**TASK REQUIREMENTS:** From the listing below, copy only the lines from the line that contains "WALNUT BEST NUT, GOOD LIFE" to the line that contains "Crocodile Resting by", counting those two lines as part of the copy.

**DATA FOR THIS EXERCISE:**

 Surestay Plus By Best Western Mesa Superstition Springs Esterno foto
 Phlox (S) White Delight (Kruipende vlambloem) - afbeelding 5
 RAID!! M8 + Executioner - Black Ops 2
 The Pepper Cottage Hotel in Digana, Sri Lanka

==

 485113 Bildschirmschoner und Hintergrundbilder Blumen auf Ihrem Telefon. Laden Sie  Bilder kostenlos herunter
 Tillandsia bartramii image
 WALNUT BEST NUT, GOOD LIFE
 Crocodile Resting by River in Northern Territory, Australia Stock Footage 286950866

**SOLUTION FOR THIS EXERCISE:**
 WALNUT BEST NUT, GOOD LIFE
 Crocodile Resting by River in Northern Territory, Australia Stock Footage 286950866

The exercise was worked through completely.